If $H_0$ is true, we have

\[v\sim F(p, n-K).\]

Goodness of fit

\[\begin{align*} R^2 &= \frac{\sum_{i=1}^n (\hat{y}_i - \bar{y})^2}{\sum_{i=1}^n (y_i - \bar{y})^2} = 1- \frac{\sum_{i=1}^n \hat{u}_i^2}{\sum_{i=1}^n (y_i - \bar{y})^2} \\ &= \frac{ESS}{TSS} = 1-\frac{RSS}{TSS} \end{align*}\]

provided $\bar{\hat{u}}=0$, i.e., the model has an intercept term.

When a model only contains the intercept, $R^2=0$.

Using $R^2$ to test exclusion restrictions

Denote $R_U^2$ to be the $R^2$ from the unrestricted model, $R_R^2$ to be from the restricted model.

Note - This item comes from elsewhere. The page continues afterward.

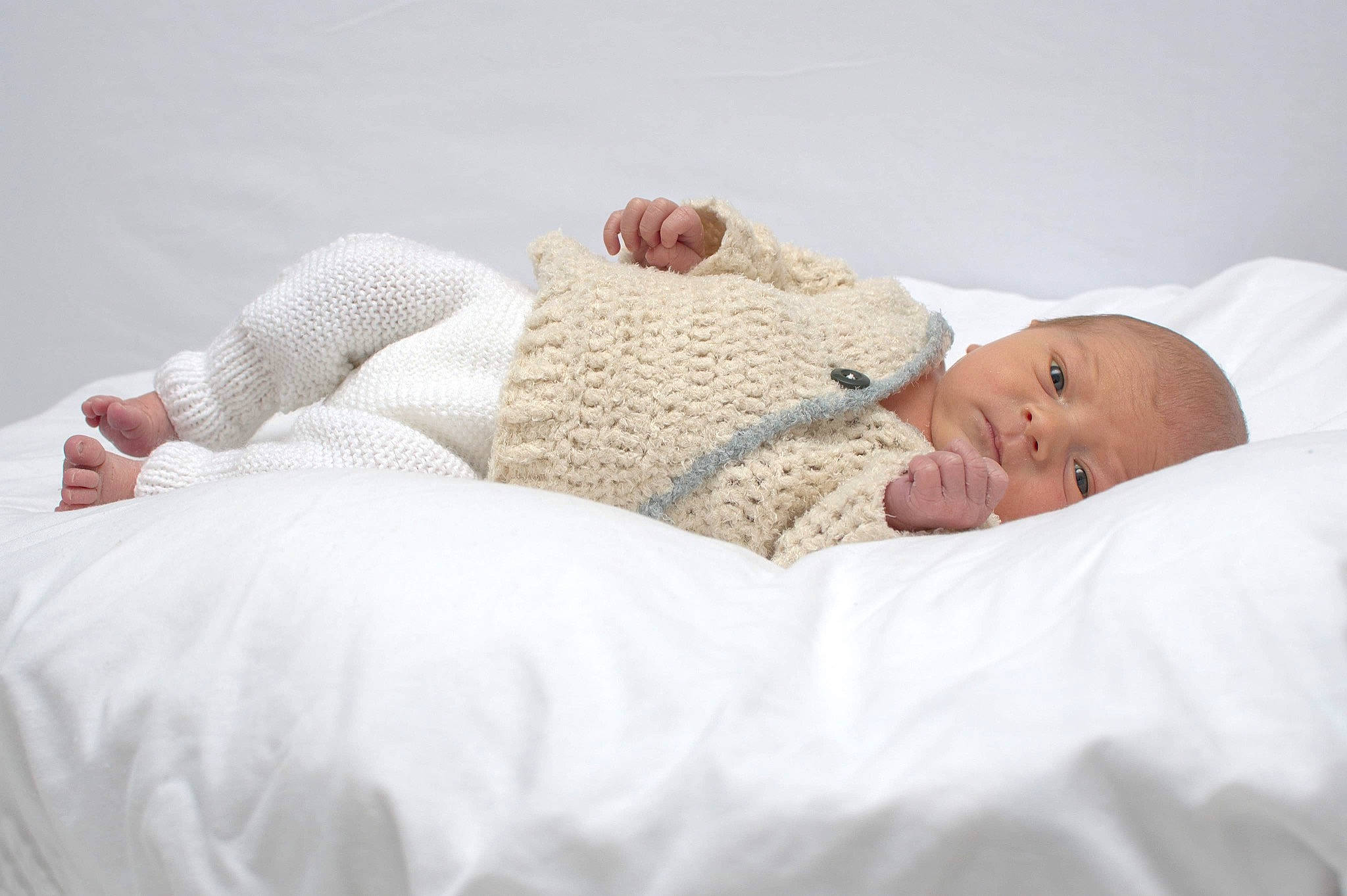 Lyam a rejoint le concours — aidez-le/la à gagner de superbes lots ! arm, baby, baby_sleeping, baby_toddler_clothing, bedding, bedtime, child, comfort, couch, eye, happy, hat, head, headgear, human_body, linens, nap, person, room, textile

\[v = \left(\frac{n-K}{p}\right) \left(\frac{R_U^2-R_R^2}{1-R_U^2}\right) \sim F(p, n-K)\]

The null hypothesis is rejected if the exclusion of these $p$ explanatory variables results in a su¢ ciently large fall in the $R^2$ goodness of fit measure, or in a sufficiently large deterioration in the fit of the model.

This can be used to test the restriction that all $K-1$ of the slope coefficients in a linear model are equal to zero, i.e. to test the exclusion of all the explanatory variables except the intercept.

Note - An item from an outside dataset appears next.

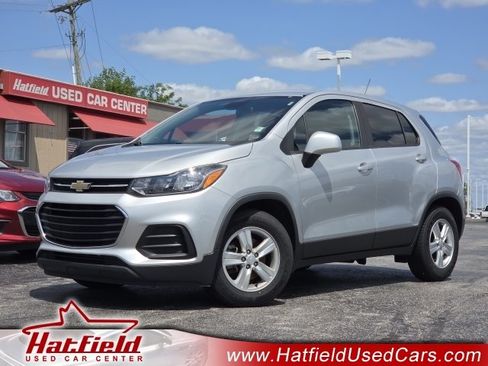 Used 2019 Chevrolet Trax LS w/ Tint and Cruise Package FWD image 1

The restricted model $y_i=\beta_1+u_i$ has $R_R^2=0$.

The test statisti simplifies to

\[v = \left(\frac{n-K}{K-1}\right) \left(\frac{R^2}{1-R^2}\right) \sim F(K-1, n-K).\]

This is sometimes referred to as the “F-test” for the model.

Families of Densities

Standard Normal: $Z \sim N(0,1)$

\[\phi(z) = \frac{1}{\sqrt{2\pi}} e^{-\frac{x^2}{2}}\]

Normal distribution $X \sim N(\mu,\sigma^2)$

\[f(x) = \frac{1}{\sqrt{2\pi\sigma^2}}e^{-\frac{1}{2}(\frac{x-\mu}{\sigma})^2}\]

Multivariate normal random vecctors (MV-N)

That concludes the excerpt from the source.